I’m not specifically talking about the “audit log” feature of Vault, but what this old Vault mailing list post describes: https://groups.google.com/g/vault-tool/c/rcAASNfVja0

Did anything like this get added to Vault as a feature, either in F/OSS or Enterprise versions? I have a client that is requesting the ability to determine “who” (machine or user) can access a given path. Something like: “Given path X, users b, c, d, and e have update access, users b, c have create access, users b, c, d, e, and g have read access”, etc.

Thanks! :slight_smile:

Nothing like that has been added, because there is no “explicite link” between a “user” and a “policy” - it all depends what auth method is used, and even with that, what attributes get extracted.

Depending on how your auth engines are set up, this could be simple ( eg: userpass ) or very complicated ( JWT with Attributes and multiple policy templates ).

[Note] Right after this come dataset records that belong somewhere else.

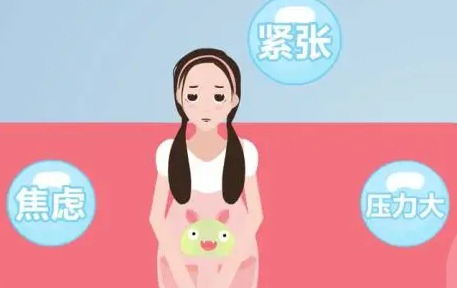 分娩恐惧症怎样诊断？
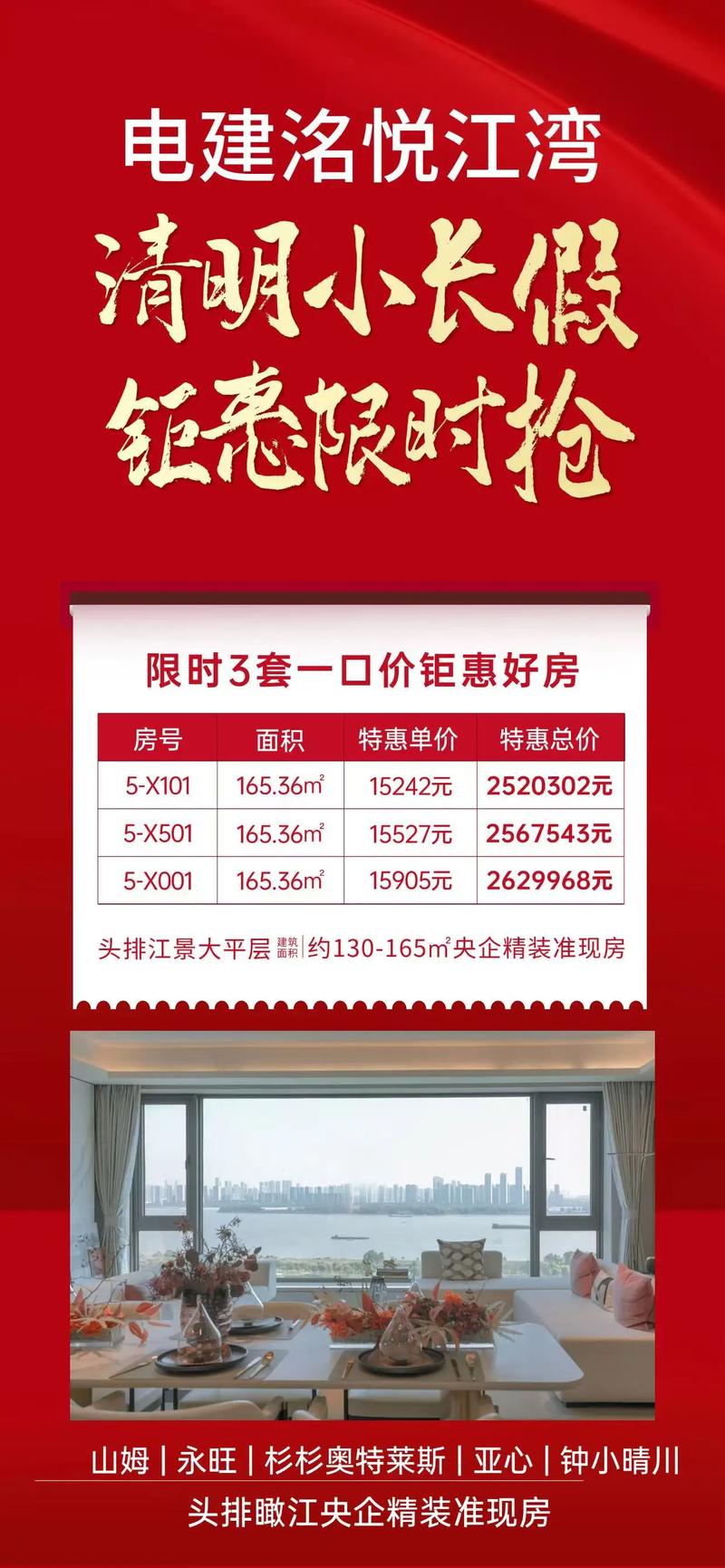 连江楼盘价格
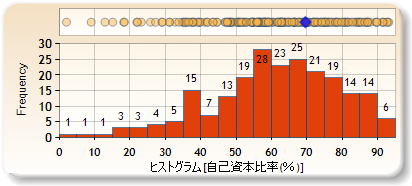 ヒストグラム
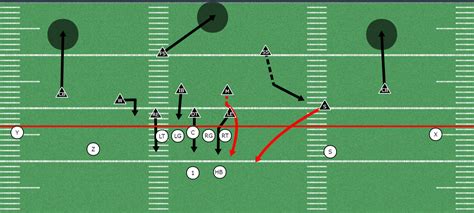 Middle Linebacker Twist Blitz out of the 3-4 Defense. This blitz is very effective against ...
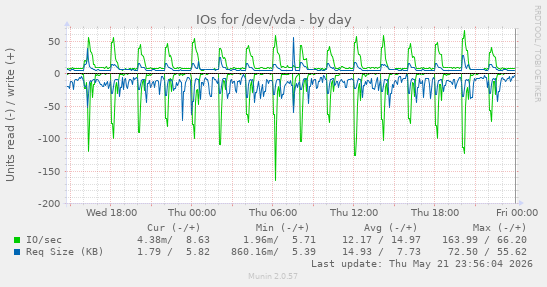 IOs for /dev/vda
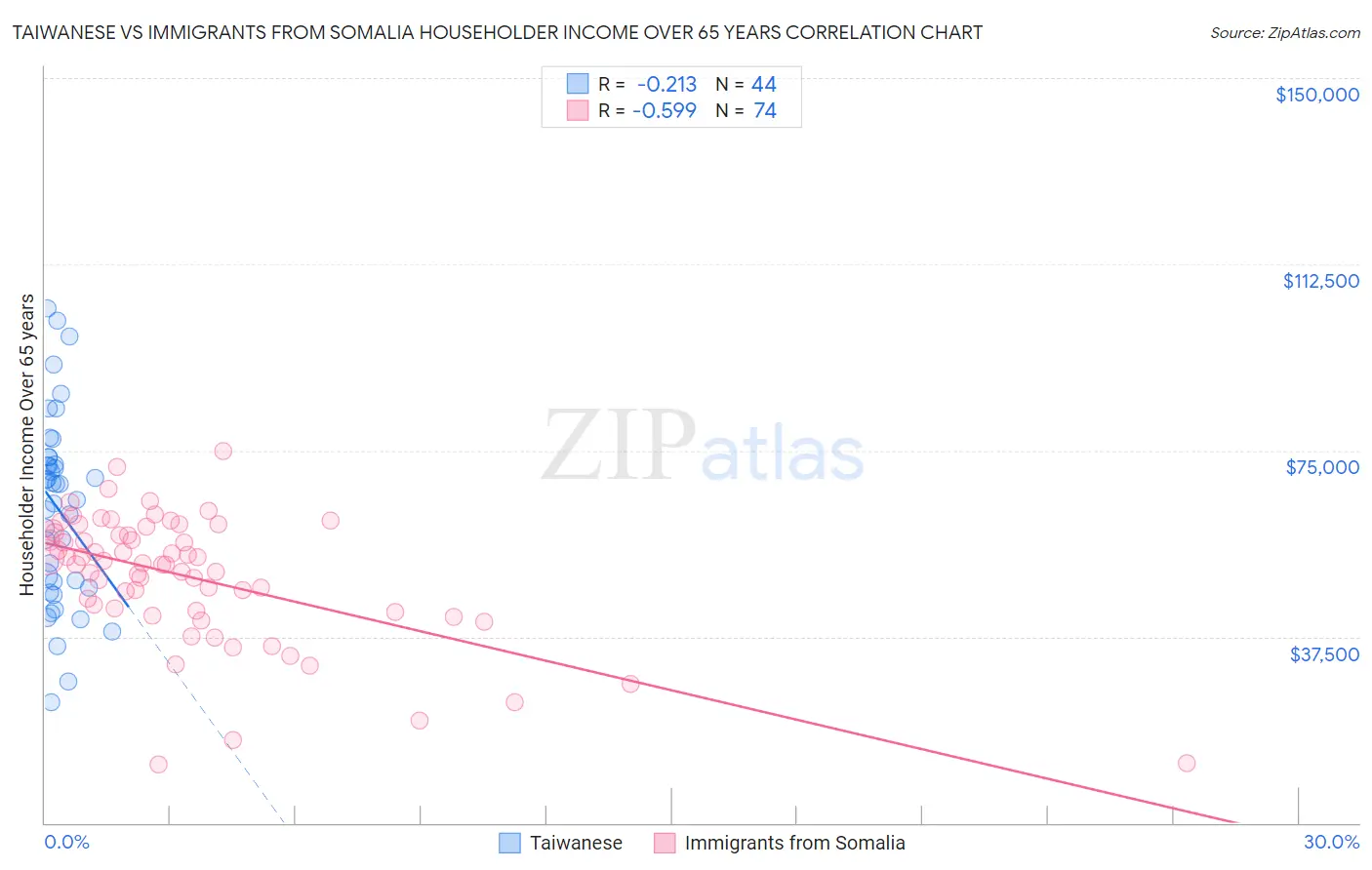 Taiwanese vs Immigrants from Somalia Householder Income Over 65 years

As an example - Userpass with groups:

  • User x, belongs to group A
  • All users have policy U
  • group A has policy G
  • policy A + policy G has access to the following.

As a more complex example from one of mine, we use JWT Auth for gitlab pipelines - as well as LDAP for users. From LDAP, users have full access to /my-secrets/[usename]/*. GitLab pipelines authenticate using JWT’s ( they are a “user” ). Using information from the JWT, the runners have read access to :

gitlab-secrets/[project-id]/*
my-secrets/[username]/*

As well as post access to auth/approle/[namespace-id]/secret-id to generate secret-id’s

So it becomes unique to your customers environment.